El segundo problema grave es la falta de integración, que afecta mayoritariamente a la inmigración musulmana. Como explicó de forma magnífica Maite Rico a raíz de los incidentes de Jumilla, al contrario que otras confesiones, el islam genera conflictos porque es una religión expansionista, que vertebra por completo la vida de sus comunidades, cada vez más controladas por imanes y grupos salafistas como la Hermandad Musulmana. Y eso hace que una cuestión religiosa acabe convertida en un grave problema político. No hay más que mirar como en Francia la degradación de la convivencia ha coincidido con la llegada silenciosa de líderes religiosos que alientan el gueto y siembran en los jóvenes el odio a Occidente.
Recordaba la magnífica columnista de El Mundo, ex subdirectora de El País, que un reciente informe encargado por el Gobierno francés considera a la Hermandad Musulmana como una amenaza para la cohesión nacional, realidad que ya lleva tiempo reproduciéndose también en España. Para Rico no estamos ante una cuestión religiosa, sino ante un problema político que exige reglas claras en defensa de la democracia, la libertad y la igualdad entre sexos.
En definitiva, nos encontramos ante un drama complejo que no admite soluciones simples.

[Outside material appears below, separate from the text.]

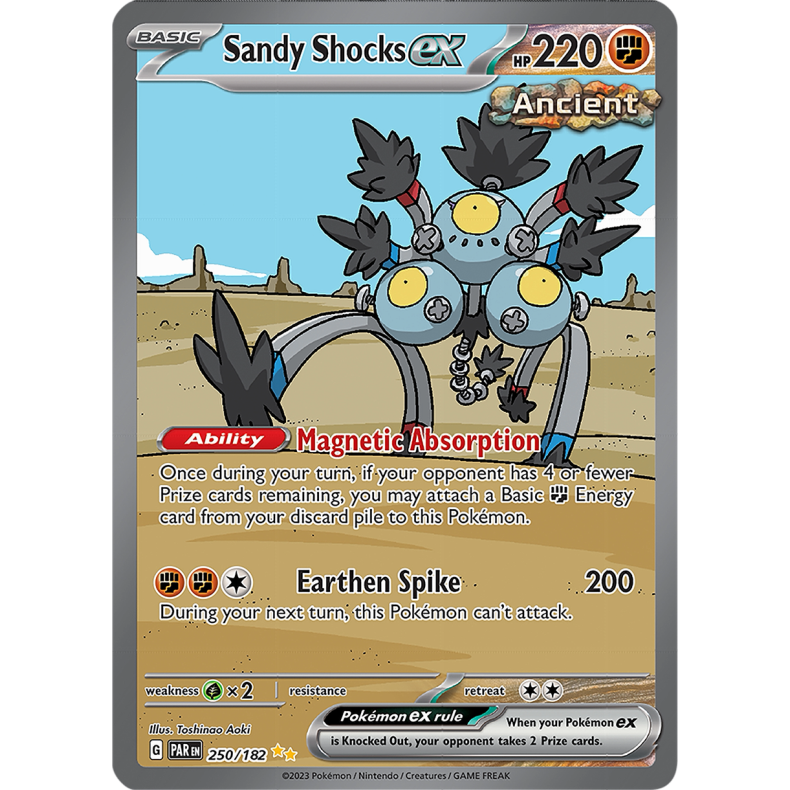 Sandy Shocks ex 250/182 - Paradox Rift Enkeltkort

Y que exige valorar no solo cuestiones humanitarias, por dramáticas que puedan resultar, sino también otras razones políticas, de seguridad, culturales y de modelo social. Por eso entran ganas de dejar de pagar impuestos cuando una ministra del Gobierno de España, la desconocida Sira Rego, dice que las quejas del Govern balear por su falta de capacidad material para atender el envío de más “menas” son muestras de “racismo”. Llevamos un largo verano rodeados de tragedias mientras mantenemos a políticos que no pierden ocasión de mostrar su pavorosa inutilidad.